Discover the Souks & Markets of Muscat
Oman’s deep history and vibrant culture are perhaps no clearer than when exploring its Souks and markets. In Muscat, one of the best is the delightful Muttrah Souk, one of the oldest souks in the Arab world. Snuggled into the harbor of the old town, with narrow alleyways forming lively shopfronts kept in the shade by wooden roofs, the Muttrah Souk has sellers trading everything from Khanjars, coffee pots, and Bedouin jewelry to traditional pottery, wooden crafts, and frankincense. A less traditional but nonetheless charming option exists in Souq es Sabt, an artisan farmers’ market with fresh fruits and creative crafts, while the Nizwa Souk offers glimpses of old Oman, its ancient architecture a sublime venue for a spot of haggling while souvenir shopping.

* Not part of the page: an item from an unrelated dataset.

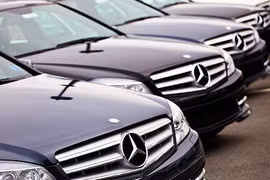 Hàng loạt xe sang Mercedes-Benz bị điều tra tại Mỹ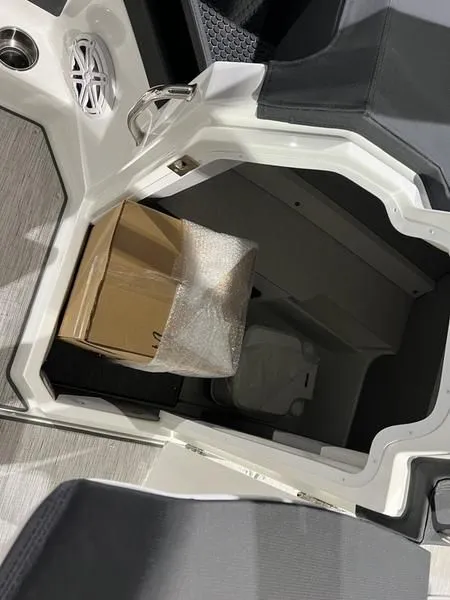 Slide: The Image of Cobalt R8 2024 - 14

Enjoy a Meal with a Bedouin Family
A journey to Oman’s desert is always extraordinary, but to truly understand what life here is like, meeting the Bedouin to learn about their way of life as they showcase their exceptional capacity for hospitality, is essential. You’ll find that, while some Bedouins have set up non-nomadic homes, and some move from tents in the desert to houses outside of it, they remain committed to tribal traditions, including warm hospitality to visitors. You’ll meet with a Bedouin family, often in or close to Wahiba Sands, to share a meal of traditional Bedouin cuisine in their homes (with chicken and lamb marinated in a medley of spices, often cooked over a fire and served with traditional bread and rice). And perhaps best of all, a meal with a Bedouin Family is an opportunity to listen to their stories detailing their steadfast commitment to preserving ancient customs and traditions in some of the harshest environments on earth.